South Carolina U.S. Sen. Lindsey Graham, who is seeking the Republican presidential nomination, endorsed Haley’s call, which also is a change from his earlier position.
Haley, however, wants the shooter to have the maximum punishment possible.
“This is an absolute hate crime,” Haley said Friday (June 19) on NBC’s Today show. “We absolutely will want him to have the death penalty.”
Some pro-gun people cite examples like South Carolina’s as evidence Texas lawmakers were right to allow licensed people to carry concealed weapons on college campuses, and openly display pistols elsewhere.
Some pro-gun people said if the church’s parishioners had been armed, the story might have had a different ending. Maybe so, but it’s frightening to think about the bloodbath that could have occurred.
President Barack Obama, who held a White House press conference to lament the shootings, later addressed the U.S. Conference of Mayors in San Francisco.
“Every country has hateful or mentally unstable people,” the President said. “What’s different is not every country is awash with easily accessible guns. So I refuse to act as if this is the new normal.”

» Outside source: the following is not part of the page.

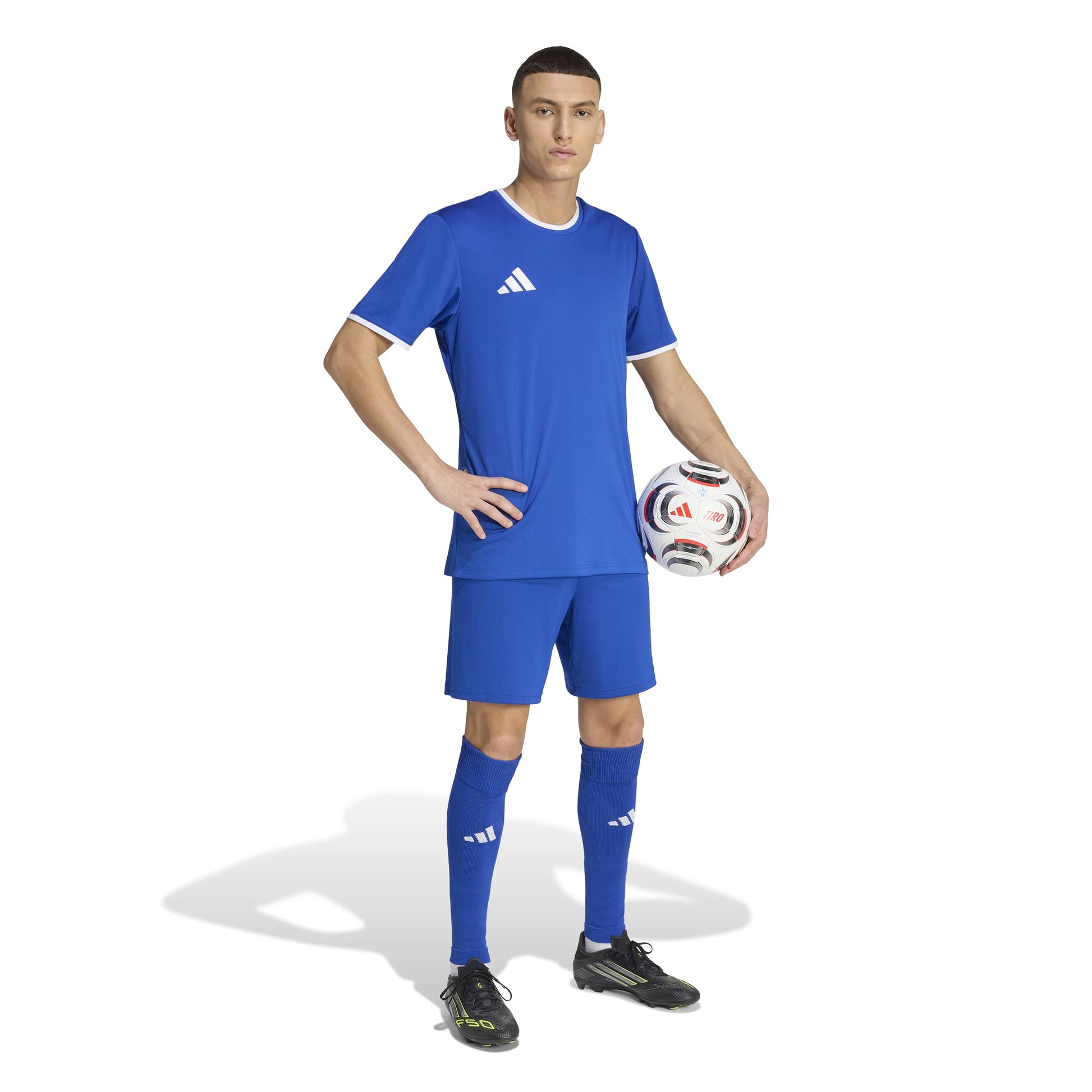 Team Royal Blue/White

Meanwhile, the South Carolina shooter trying to start a race war, with whites and blacks now hugging each other, may find he accomplished the exact opposite.
• • •
Texas Lucky? . . . .
The day after the shootings, the U.S. Supreme Court ruled Texas is not required to honor requests for state license plates featuring — you guessed it — the Confederate flag.
And, a legislative effort during the recently adjourned Texas legislative session, to make it semi-legal to discriminate against Lesbian/Gay/Bisexual/Transgender people (LGBT), died in the Texas House.
The legislative attempt was made as the Supreme Court may be about to declare unconstitutional Texas’ 2005 constitutional ban on same-sex marriages.
So if the high court throws out laws banning same-sex marriages, at least Texas won’t have additional laws to undo.
Gun regulation? That’s another matter. The first time open carry, or campus carry, goes haywire, look for the network news crews to be in Texas.